Para testar cenários de parcela e prazo antes de falar com o gerente, use o simulador de financiamento imobiliário.
Como reduzir o custo total do financiamento
Depois de escolher a proposta, ainda existem alavancas que reduzem o custo total. Em ordem aproximada de impacto:
Aumentar a entrada
Impacto alto
Cada real de entrada é um real que não paga juros por 20 ou 30 anos. É a alavanca mais poderosa e a mais ignorada em favor de prazos longos.
Encurtar o prazo
Impacto alto
Prazo menor eleva a parcela, mas reduz drasticamente o total de juros. Contrate o menor prazo que caiba com folga no orçamento.
Amortizar reduzindo o prazo
Impacto alto
Amortizações extraordinárias abatendo prazo economizam mais juros do que abatendo o valor da parcela — a escolha é sua e deve ser explicitada no pedido.
Comparar o seguro habitacional
Impacto médio
A legislação permite apresentar apólice de seguradora diferente da indicada pelo banco, desde que atenda às coberturas exigidas. Vale cotar.
Usar o FGTS quando cabível
Impacto médio
O FGTS pode compor entrada, amortizar saldo ou pagar parcelas dentro das regras do fundo, reduzindo o principal que rende juros.
Portabilidade após alguns anos
Impacto variável
Se a taxa de mercado cair, a portabilidade permite migrar o contrato. Reavalie a cada dois anos com o saldo devedor atualizado em mãos.
A mecânica das amortizações está detalhada em como amortizar o financiamento imobiliário, com a comparação entre reduzir prazo e reduzir parcela.
Erros que distorcem a comparação
Os erros abaixo aparecem em praticamente toda comparação amadora e costumam levar à escolha errada:
- •Comparar propostas com prazos diferentes — o prazo maior sempre parece melhor pela parcela e sempre é pior no total.

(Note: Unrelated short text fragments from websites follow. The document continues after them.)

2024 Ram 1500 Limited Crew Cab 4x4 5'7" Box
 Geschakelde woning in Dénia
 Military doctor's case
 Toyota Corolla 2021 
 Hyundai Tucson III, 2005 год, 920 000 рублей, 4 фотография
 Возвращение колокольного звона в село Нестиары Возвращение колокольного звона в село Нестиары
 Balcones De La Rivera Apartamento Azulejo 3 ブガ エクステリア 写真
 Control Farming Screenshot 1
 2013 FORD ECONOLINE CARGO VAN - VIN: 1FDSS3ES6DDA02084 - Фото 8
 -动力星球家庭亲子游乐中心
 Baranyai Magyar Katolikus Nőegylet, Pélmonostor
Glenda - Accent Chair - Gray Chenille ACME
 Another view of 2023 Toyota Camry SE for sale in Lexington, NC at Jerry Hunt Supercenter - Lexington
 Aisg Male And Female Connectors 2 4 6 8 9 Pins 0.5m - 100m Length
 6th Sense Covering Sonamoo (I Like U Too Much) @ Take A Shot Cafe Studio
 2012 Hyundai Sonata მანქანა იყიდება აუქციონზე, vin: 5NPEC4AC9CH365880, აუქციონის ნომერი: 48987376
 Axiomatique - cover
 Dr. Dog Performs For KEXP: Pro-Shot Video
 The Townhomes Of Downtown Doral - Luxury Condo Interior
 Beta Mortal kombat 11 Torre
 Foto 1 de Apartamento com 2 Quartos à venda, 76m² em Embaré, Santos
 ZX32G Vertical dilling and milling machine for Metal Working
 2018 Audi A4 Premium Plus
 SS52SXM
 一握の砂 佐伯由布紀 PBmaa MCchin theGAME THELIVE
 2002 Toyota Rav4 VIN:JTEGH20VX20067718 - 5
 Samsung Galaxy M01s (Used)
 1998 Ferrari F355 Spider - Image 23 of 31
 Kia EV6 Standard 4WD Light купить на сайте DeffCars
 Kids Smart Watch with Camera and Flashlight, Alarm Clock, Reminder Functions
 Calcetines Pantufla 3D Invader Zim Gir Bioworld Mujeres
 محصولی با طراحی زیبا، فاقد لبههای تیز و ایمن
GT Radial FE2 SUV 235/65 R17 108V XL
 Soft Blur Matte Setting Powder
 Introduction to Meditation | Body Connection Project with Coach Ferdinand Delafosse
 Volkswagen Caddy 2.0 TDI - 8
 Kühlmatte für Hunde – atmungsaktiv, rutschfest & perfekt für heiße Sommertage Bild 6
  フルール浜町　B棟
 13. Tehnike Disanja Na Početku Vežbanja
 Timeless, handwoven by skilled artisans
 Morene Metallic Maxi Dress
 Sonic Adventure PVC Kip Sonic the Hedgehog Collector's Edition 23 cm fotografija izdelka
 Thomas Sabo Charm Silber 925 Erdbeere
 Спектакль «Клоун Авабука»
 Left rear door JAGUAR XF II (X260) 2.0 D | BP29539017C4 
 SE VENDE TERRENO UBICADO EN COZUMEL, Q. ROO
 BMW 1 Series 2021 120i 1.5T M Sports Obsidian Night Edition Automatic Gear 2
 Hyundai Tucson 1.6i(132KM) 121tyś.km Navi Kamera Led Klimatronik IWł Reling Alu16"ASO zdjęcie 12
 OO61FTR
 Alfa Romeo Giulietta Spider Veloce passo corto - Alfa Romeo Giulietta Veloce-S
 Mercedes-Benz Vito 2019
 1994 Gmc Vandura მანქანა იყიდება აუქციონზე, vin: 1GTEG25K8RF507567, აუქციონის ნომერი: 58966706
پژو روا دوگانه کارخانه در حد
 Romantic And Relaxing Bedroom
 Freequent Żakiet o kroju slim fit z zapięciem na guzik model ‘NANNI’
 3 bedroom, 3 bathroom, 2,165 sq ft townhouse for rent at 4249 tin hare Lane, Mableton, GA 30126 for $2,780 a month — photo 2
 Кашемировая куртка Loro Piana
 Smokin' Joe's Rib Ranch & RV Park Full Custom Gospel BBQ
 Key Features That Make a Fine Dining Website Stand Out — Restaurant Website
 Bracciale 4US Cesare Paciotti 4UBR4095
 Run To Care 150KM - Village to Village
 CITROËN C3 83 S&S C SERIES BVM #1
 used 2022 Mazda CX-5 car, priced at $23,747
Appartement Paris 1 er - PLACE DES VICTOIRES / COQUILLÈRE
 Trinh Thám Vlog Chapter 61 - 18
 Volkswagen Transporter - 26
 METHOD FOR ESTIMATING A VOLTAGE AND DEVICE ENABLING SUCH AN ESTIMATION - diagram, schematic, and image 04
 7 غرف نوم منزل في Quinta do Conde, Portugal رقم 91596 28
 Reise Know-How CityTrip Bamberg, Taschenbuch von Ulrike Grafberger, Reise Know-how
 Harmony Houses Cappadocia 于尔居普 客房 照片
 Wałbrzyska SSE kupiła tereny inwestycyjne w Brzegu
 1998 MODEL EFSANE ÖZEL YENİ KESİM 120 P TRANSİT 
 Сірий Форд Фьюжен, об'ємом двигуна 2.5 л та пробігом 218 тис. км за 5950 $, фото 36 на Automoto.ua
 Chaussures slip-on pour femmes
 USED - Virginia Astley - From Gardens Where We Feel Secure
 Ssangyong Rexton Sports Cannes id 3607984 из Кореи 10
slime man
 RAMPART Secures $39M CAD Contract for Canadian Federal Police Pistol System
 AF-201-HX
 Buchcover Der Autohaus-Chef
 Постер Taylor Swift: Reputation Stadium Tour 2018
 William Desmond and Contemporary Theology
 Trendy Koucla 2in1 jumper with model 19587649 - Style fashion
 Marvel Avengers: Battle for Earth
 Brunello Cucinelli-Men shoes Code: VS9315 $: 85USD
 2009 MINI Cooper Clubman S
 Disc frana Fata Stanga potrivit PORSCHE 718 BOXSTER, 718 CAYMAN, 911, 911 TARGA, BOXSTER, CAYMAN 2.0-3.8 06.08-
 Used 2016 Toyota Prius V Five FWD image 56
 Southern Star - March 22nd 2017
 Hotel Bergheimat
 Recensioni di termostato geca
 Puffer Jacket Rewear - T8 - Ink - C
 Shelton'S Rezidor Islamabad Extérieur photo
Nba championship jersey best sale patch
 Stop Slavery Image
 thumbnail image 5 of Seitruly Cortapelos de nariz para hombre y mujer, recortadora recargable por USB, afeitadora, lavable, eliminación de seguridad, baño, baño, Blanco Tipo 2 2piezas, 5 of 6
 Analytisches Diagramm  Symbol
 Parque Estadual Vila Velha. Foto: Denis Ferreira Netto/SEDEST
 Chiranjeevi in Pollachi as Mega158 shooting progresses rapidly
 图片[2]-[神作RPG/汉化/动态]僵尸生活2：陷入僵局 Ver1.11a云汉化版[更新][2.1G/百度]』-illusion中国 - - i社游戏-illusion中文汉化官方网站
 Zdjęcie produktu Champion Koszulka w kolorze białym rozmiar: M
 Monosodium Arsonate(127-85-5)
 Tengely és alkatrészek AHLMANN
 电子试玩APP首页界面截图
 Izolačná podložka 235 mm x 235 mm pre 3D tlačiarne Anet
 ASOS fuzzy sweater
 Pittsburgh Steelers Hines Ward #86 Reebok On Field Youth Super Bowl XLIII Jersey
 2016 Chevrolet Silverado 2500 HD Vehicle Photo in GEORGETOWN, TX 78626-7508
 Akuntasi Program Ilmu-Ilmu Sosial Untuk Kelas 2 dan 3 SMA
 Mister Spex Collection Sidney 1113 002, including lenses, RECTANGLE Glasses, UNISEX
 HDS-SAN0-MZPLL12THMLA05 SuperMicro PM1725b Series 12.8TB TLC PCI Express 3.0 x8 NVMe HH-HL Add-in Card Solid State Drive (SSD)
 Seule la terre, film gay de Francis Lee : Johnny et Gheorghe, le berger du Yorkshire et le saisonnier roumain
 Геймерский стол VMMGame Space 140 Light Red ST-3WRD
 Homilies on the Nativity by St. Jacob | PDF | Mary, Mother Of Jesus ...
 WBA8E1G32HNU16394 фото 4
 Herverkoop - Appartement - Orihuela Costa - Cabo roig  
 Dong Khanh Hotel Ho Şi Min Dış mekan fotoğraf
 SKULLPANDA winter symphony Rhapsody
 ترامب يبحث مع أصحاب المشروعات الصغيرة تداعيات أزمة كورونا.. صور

- •Comparar SAC de um banco com Price de outro, o que distorce parcela inicial e total de juros.
- •Ignorar os seguros porque "são obrigatórios em todos" — o valor varia por instituição, idade e valor do imóvel.
- •Aceitar taxa informada verbalmente, sem proposta formal datada com CET.
- •Esquecer os custos à vista da transação (ITBI, escritura, registro), que não estão no CET mas saem do seu caixa.
- •Contratar produtos adicionais para "melhorar a taxa" sem recalcular o CET com o custo desses produtos incluído.
- •Comparar CET de operações com valores financiados diferentes, o que muda o peso das tarifas fixas.
Se uma condição melhor depende de contratar seguro de vida adicional, consórcio, previdência ou pacote de conta, recalcule o CET incluindo o custo desses produtos. Frequentemente a "taxa negociada" fica mais cara que a original.